[Stored items from a collection]
::::
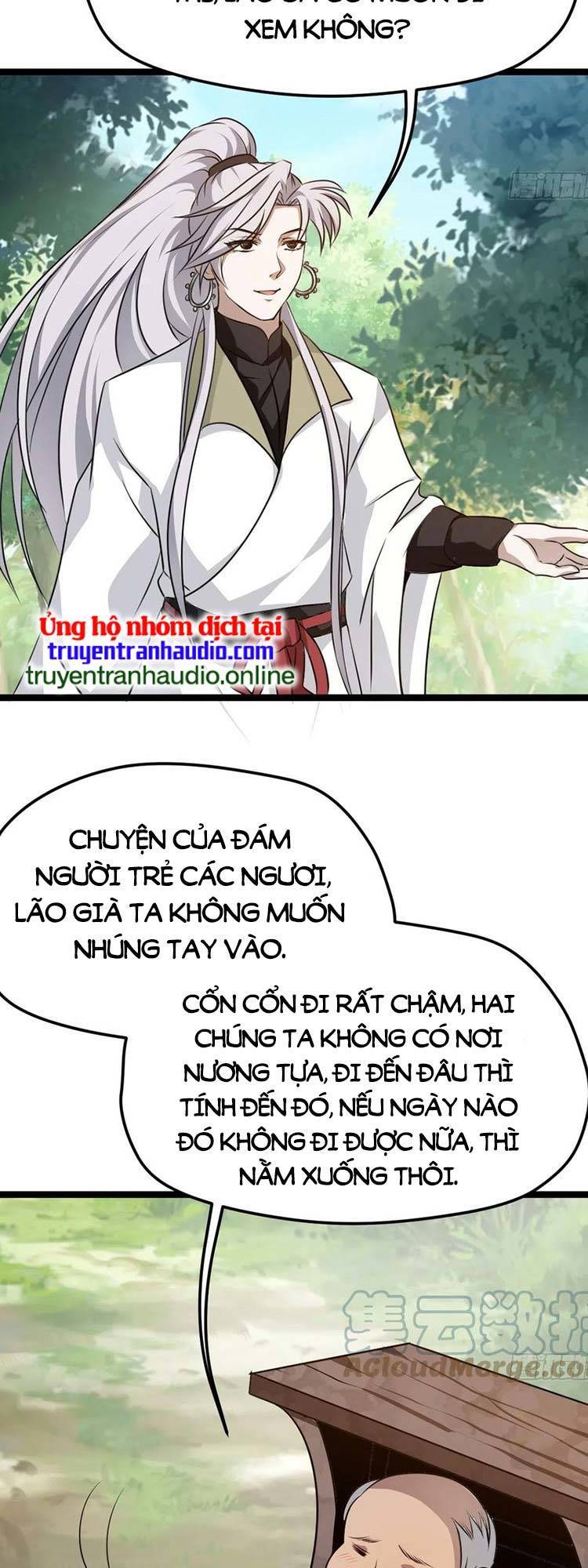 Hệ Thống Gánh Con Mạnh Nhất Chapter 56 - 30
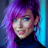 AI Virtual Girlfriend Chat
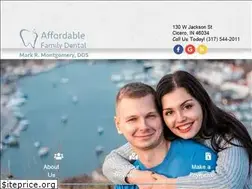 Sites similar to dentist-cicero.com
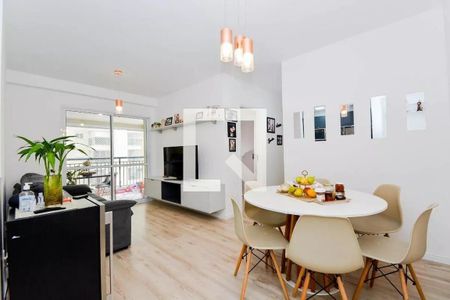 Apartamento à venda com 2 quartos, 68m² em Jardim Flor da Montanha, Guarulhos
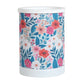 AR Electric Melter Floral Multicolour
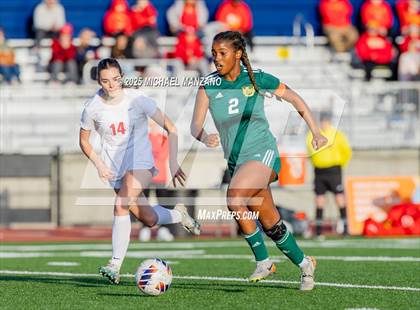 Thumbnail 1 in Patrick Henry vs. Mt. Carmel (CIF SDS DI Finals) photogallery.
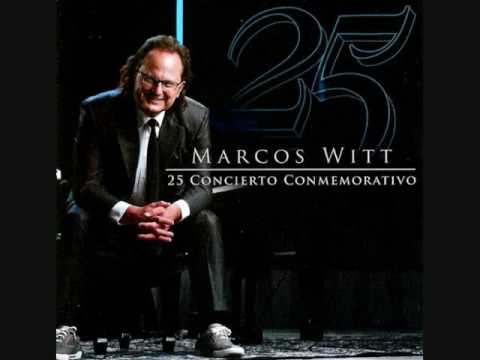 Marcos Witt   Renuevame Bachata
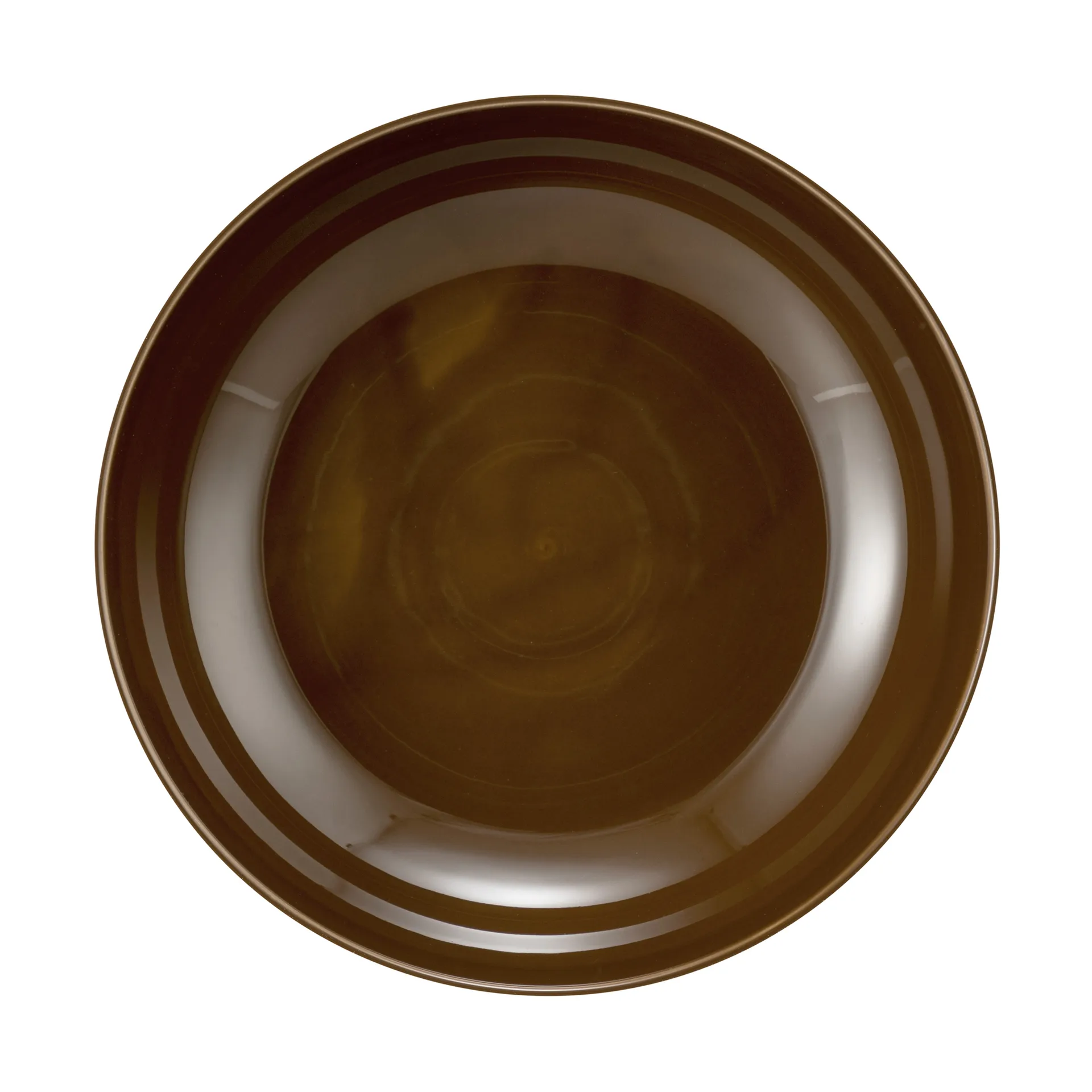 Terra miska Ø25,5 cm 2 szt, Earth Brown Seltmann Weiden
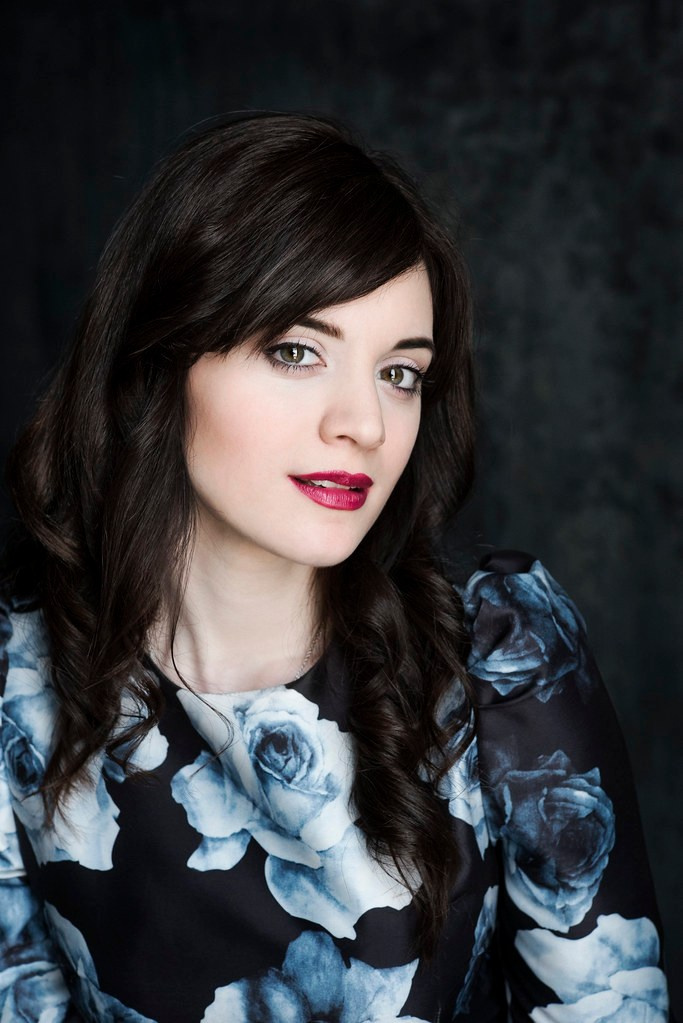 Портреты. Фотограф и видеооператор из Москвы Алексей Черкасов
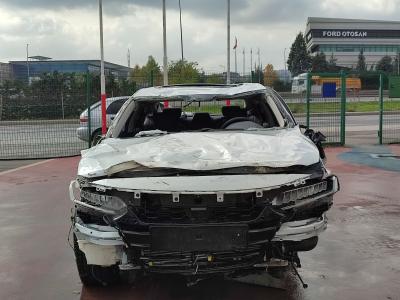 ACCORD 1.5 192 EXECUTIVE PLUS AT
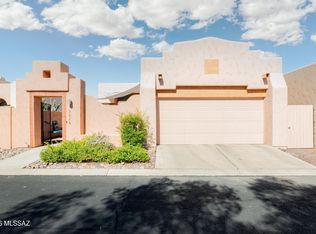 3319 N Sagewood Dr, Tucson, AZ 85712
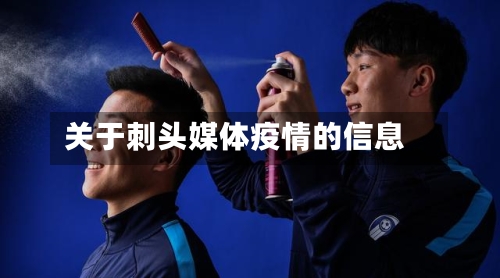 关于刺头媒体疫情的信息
::::
### AIM OF THE TASK
An answer that restates all the entries exactly and drops the images is what is needed.

### SOLUTION FOR THIS TASK
 Hệ Thống Gánh Con Mạnh Nhất Chapter 56 - 30
 AI Virtual Girlfriend Chat
 Sites similar to dentist-cicero.com
 Apartamento à venda com 2 quartos, 68m² em Jardim Flor da Montanha, Guarulhos
 AR Electric Melter Floral Multicolour
 Thumbnail 1 in Patrick Henry vs. Mt. Carmel (CIF SDS DI Finals) photogallery.
 Marcos Witt   Renuevame Bachata
 Terra miska Ø25,5 cm 2 szt, Earth Brown Seltmann Weiden
 Портреты. Фотограф и видеооператор из Москвы Алексей Черкасов
 ACCORD 1.5 192 EXECUTIVE PLUS AT
 3319 N Sagewood Dr, Tucson, AZ 85712
 关于刺头媒体疫情的信息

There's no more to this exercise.